13. The Eyes of El-Yezdi
“Perhaps we should go to the police,” said Herbert as they walked up the street and away from the former Theosophic meeting hall. Burton had just finished telling them all that had transpired with Swinburne in the back room. “Where’s your friend Abberline?”
“I told you before we can’t arrest them. That will only put a bandage on the wound,” said Burton. “Staunching the flow of blood, when the wound must be sutured shut. The court could not hold them indefinitely, and as soon as they were released they’d continue with their plan.”
“Or leap out of Swinburne and the others and into someone else,” added Challenger sourly.
Burton nodded. “My point is, they have an eternity in which to scheme; we don’t.”
“This is madness,” rumbled Challenger. I’ve never heard such rot. And yet I’ve seen enough to know our straits are indeed dire.”
“It boggles the mind,” said Herbert. “To think that our universe is not a single cog endlessly turning, but a multifaceted jewel. The implications are…” his voice trailed off.

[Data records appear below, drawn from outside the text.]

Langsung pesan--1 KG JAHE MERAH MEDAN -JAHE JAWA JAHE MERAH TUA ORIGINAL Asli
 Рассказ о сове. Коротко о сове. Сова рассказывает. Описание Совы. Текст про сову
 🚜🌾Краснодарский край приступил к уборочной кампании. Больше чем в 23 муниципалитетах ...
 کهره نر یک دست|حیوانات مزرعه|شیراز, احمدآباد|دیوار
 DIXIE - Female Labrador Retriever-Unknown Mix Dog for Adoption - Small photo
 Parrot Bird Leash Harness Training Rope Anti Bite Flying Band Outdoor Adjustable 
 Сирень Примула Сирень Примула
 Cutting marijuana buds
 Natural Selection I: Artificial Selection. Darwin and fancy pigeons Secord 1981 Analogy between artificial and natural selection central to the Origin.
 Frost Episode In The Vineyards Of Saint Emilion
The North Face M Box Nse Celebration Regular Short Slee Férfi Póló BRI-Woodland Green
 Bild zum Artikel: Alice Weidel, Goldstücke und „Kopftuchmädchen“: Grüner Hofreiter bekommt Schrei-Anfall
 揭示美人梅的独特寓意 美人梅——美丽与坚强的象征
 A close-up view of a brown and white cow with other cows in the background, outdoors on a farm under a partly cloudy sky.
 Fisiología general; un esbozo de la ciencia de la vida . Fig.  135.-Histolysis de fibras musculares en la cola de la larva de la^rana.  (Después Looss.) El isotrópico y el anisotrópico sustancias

“We’ve all seen it,” said Burton. “In fact, I believe someone has shown us glimpses of these other facets for a reason.”
“But who?” said Challenger.
“And how?” demanded Herbert.
“I don’t know,” said Burton. “But I think I know a way to find out. Come.”
Burton hailed a carriage and gave the driver an address several blocks away.
They rode in nervous silence, Challenger the most nervous of all, casting a wary, bloodshot eye out the moving carriage at the passersby, his keen gaze no doubt looking for shoggoths.